I am using VAR/Fence to draw approximately 200,000 quads. I get around 16 frames or so (a bit over 3 million quads per sec, or 6 million triangles).
The way i draw is i bind a texture, check if the previous fence is finished, copy the vertices for that texture to VAR memory with memcpy(), then render with drawElements(), and finally set the fence. This is in a for loop that cycles over all the textures.
I think thats pretty bad in terms of performance, but i think i’m doing the VAR stuff right… does anyone else have any suggestions.
Note that i do enable all the state thats required to draw the polygons (which are gouraud shaded with 1 texture).
I’m pretty sure that memcpy is not the most efficient way to copy to AGP memory, but I’m not positive.
In any case, you should be double-buffering your AGP memory. That is, you should be writing to one block of AGP while the graphics card is reading vertex data out of the other one.

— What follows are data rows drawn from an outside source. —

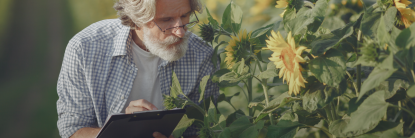 Sustentabilidad de negocios agrícolas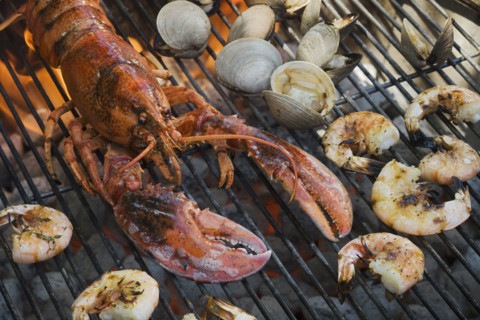 Lobster, shrimp and clams cooking on grill.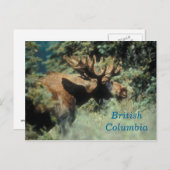 Brits briefkaart (Voorkant / Achterkant)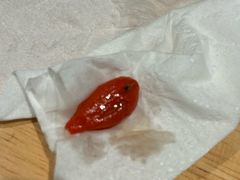 -小豆海棠(嘉兴路店)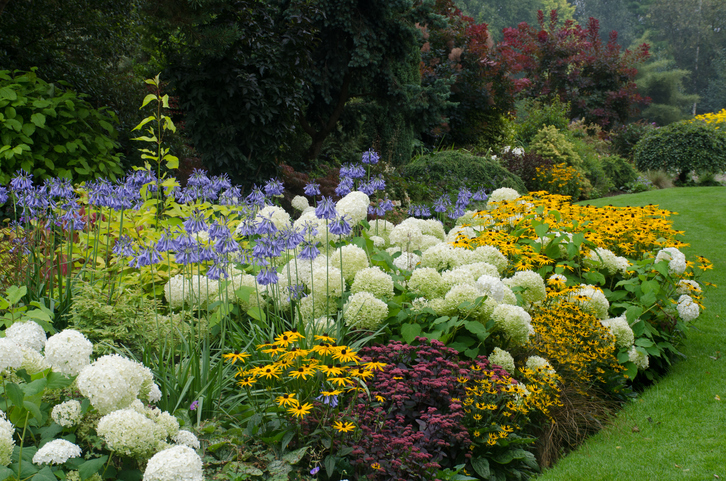 Large_English_perennial_border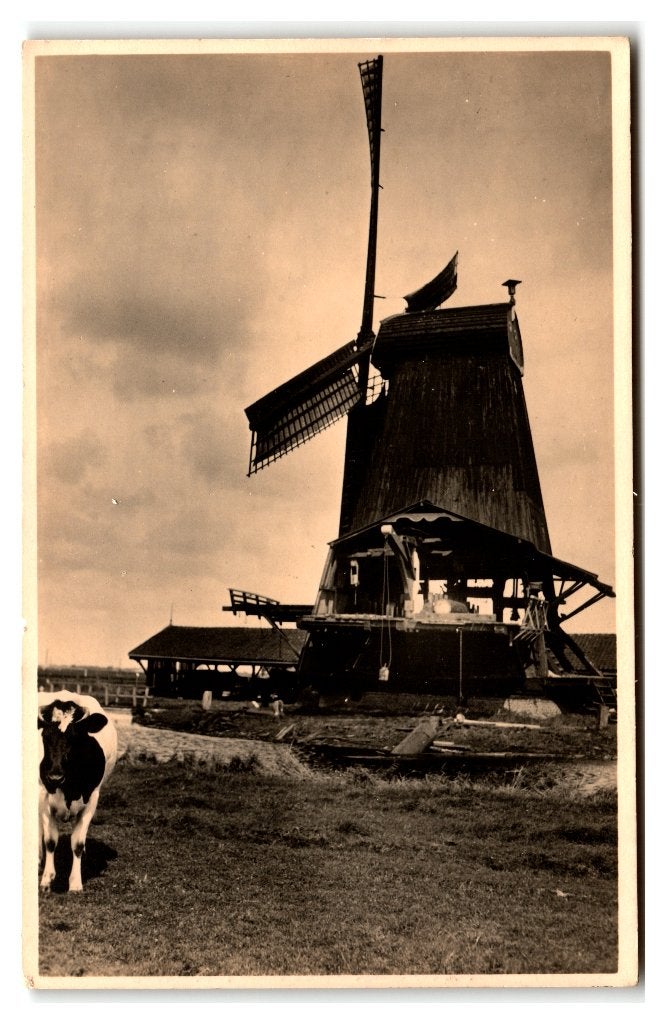 Zaandam (Westzijde) Paltrokmolen de Pet, Verzenden, 1940 tot 1960, Ongelopen, Noord-Holland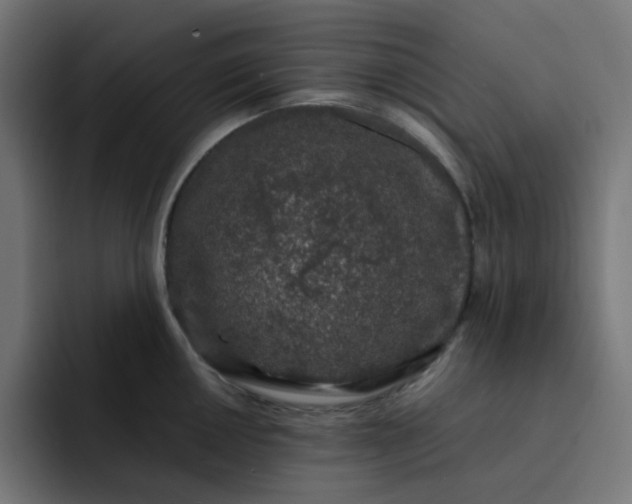 X0000093161050200710101150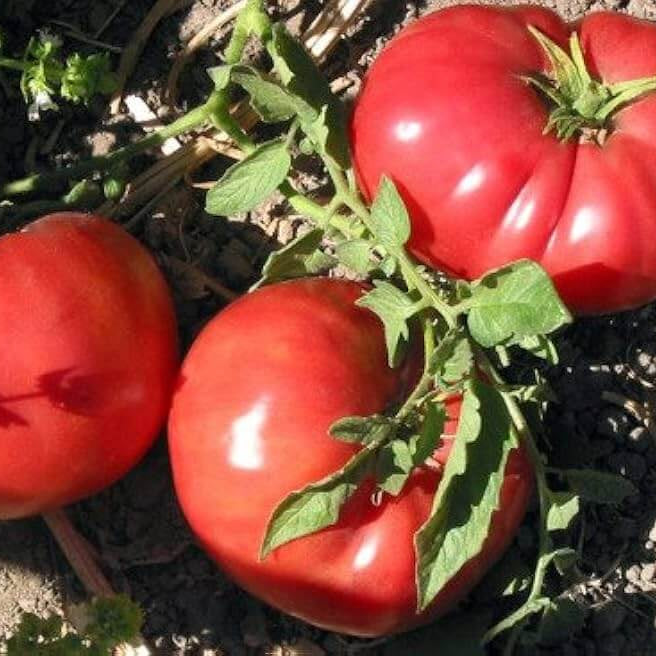 German Johnson Tomato Seeds - Vegetable Plant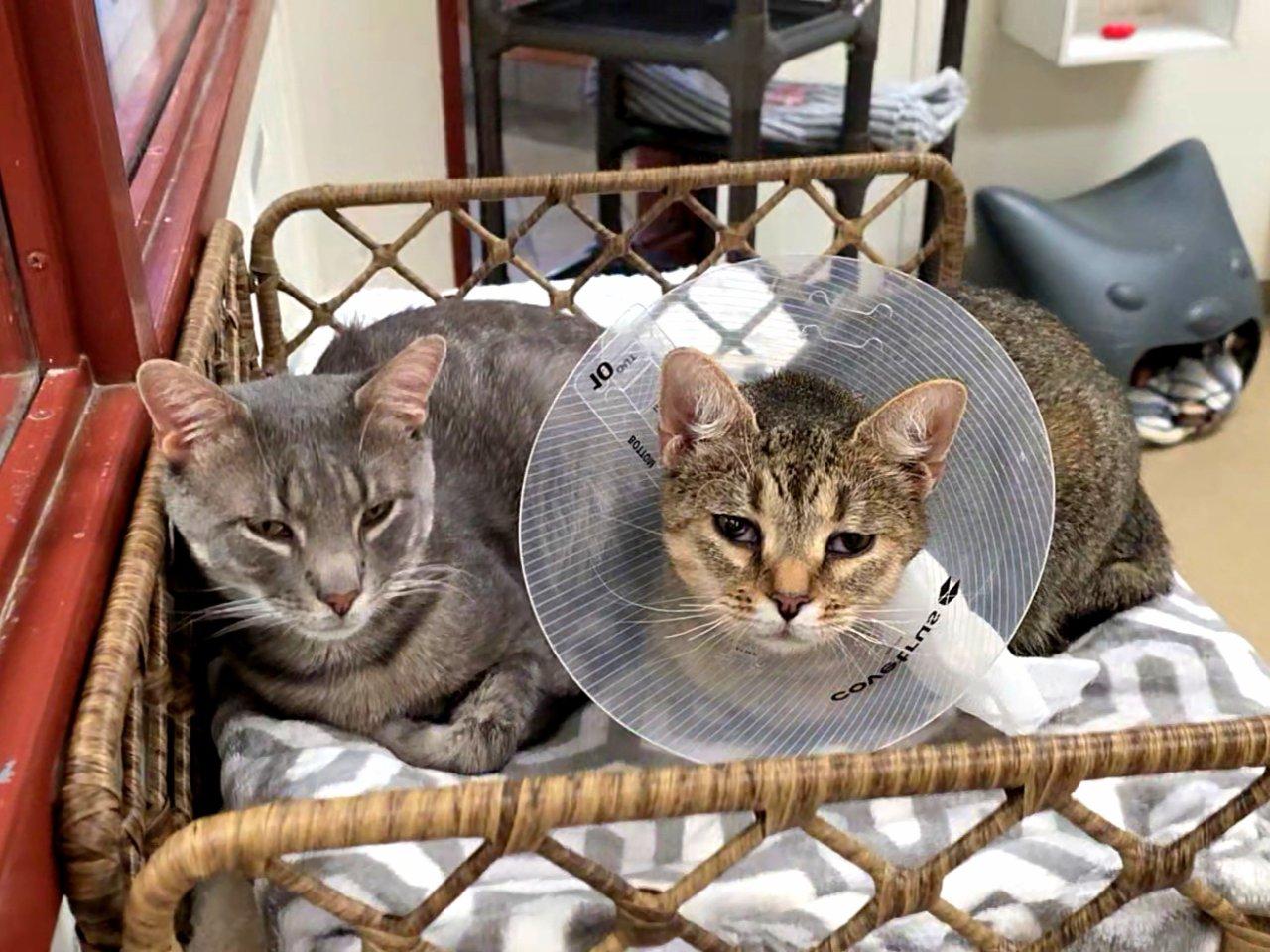 Enlarge Bebe, a Adoptable Domestic Short Hair in Raleigh, NC image 1/3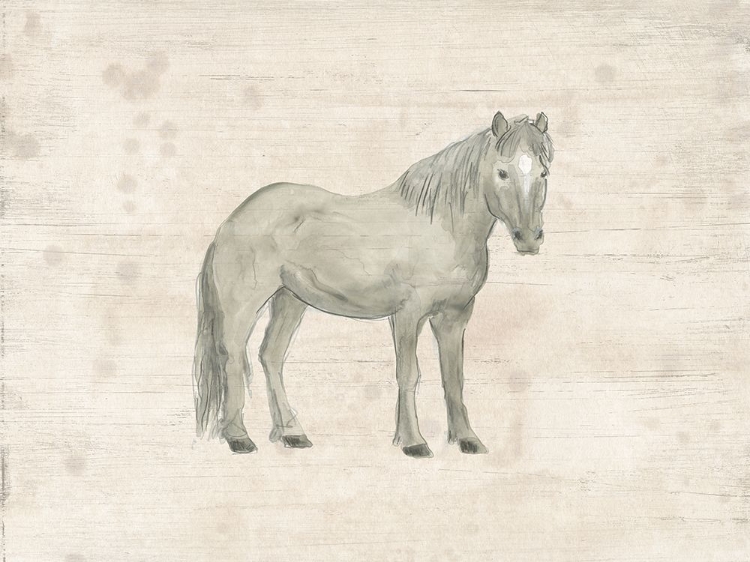 Picture of ANTIQUE EQUINE SKETCH III
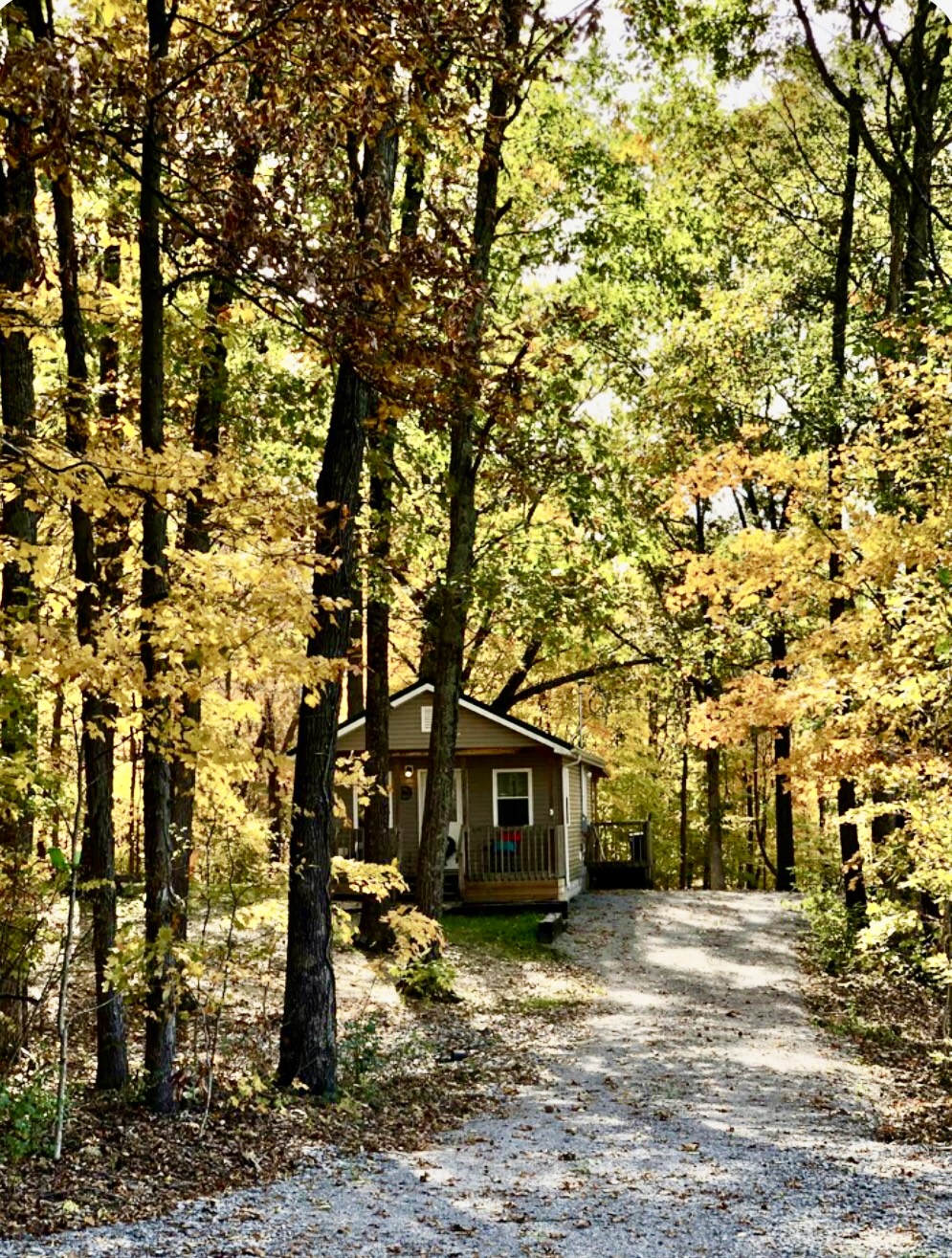 A cabin is nestled among vibrant autumn foliage, with shades of yellow and orange adorning the trees. A gravel path leads to the entrance, framed by the natural beauty of the wooded surroundings.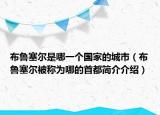 布鲁塞尔是哪一个国家的城市（布鲁塞尔被称为哪的首都简介介绍）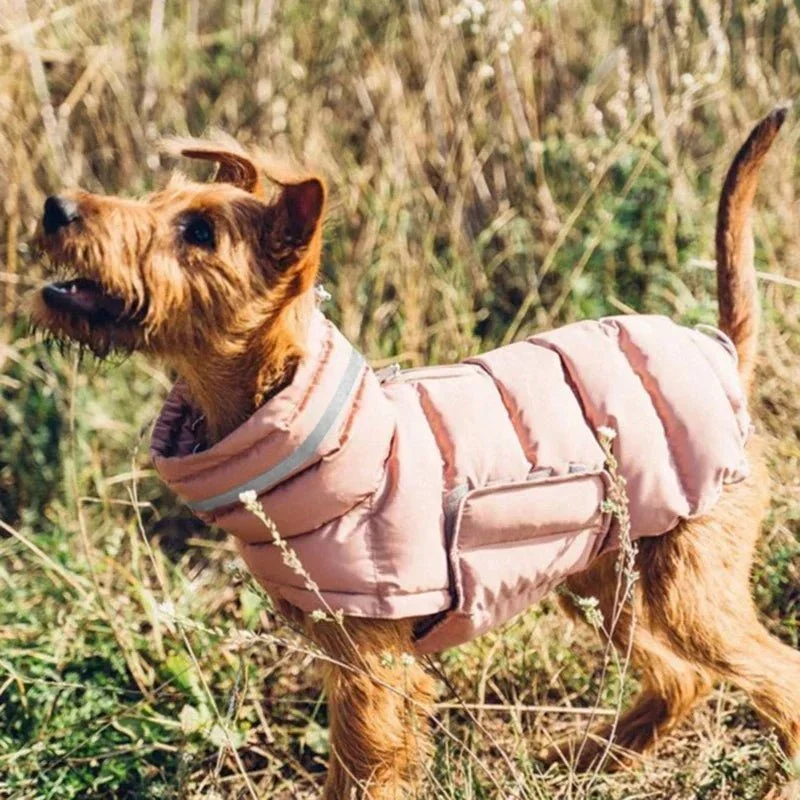 Blusão / Casaco de Inverno, Quente e Impermeável, para Cães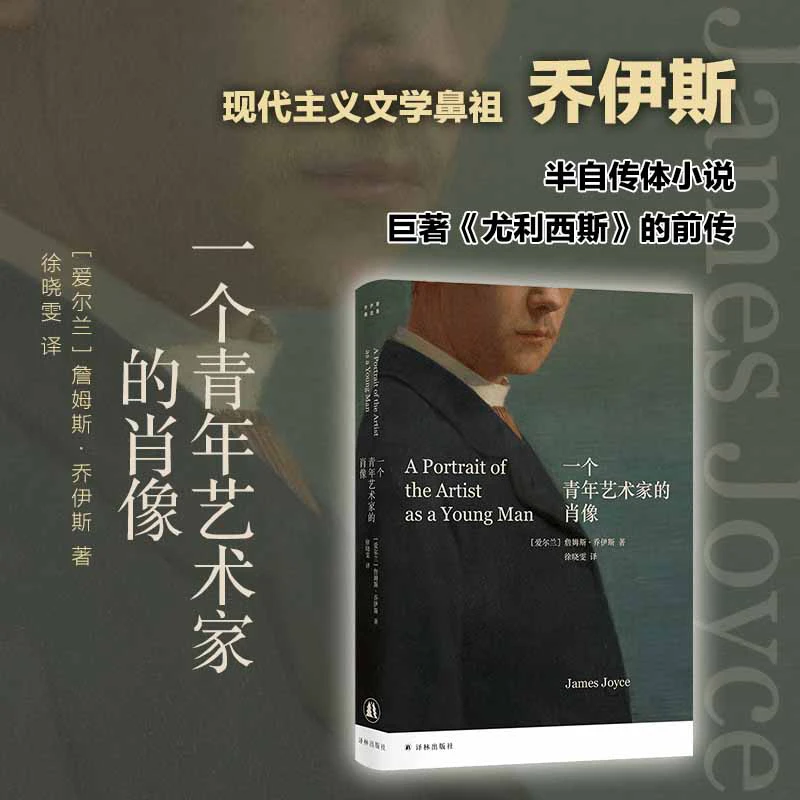 一个青年艺术家的肖像 乔伊斯代表作专业英语译者徐晓雯译本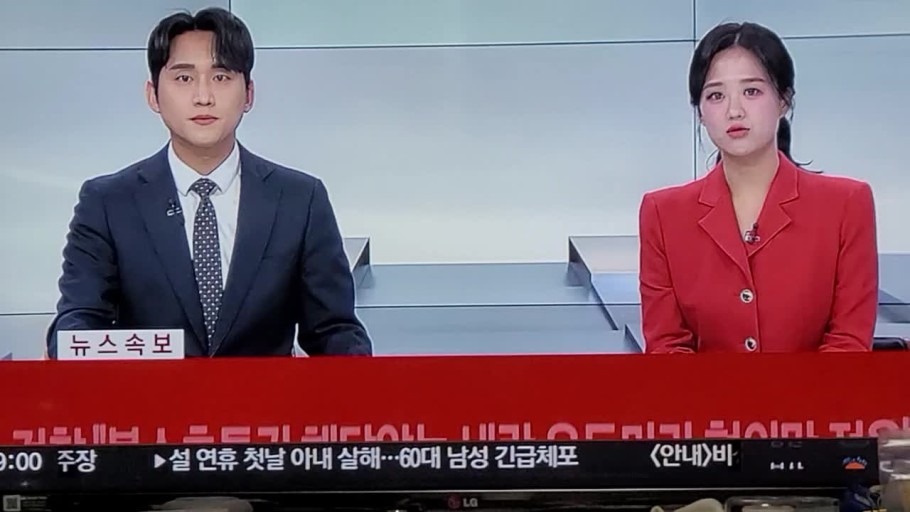 뉴스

If you’re going to be simply copying all your data every frame anyway (instead of keeping it static or generating it) you could probably just as well (or better) use regular vertex arrays and get the best possible copy performance NVidia managed to squeeze out of the machine.
I wouldn’t depend on DrawElements() being fast without VAR – in my timing, it isn’t.
memcpy() is suprisingly decent at moving data from cached memory to un-cached memory, because, well, it’s writing to un-cached memory and thus doesn’t have the write-allocation problems that memcpy() has on regular cached memory.
I think the problem might be more in checking the previous fence before starting again. That way, you are synchronous, and get no overlap. I would suggest you go the double-buffering route by splitting your VAR in two areas, and use a fence per area. First fill up the first area with geometry being drawn; when that’s full, set the fence and move on to the next. When you move into a new area, test the fence for THAT area. That way, you’ll get decent overlap in your transfers to the card.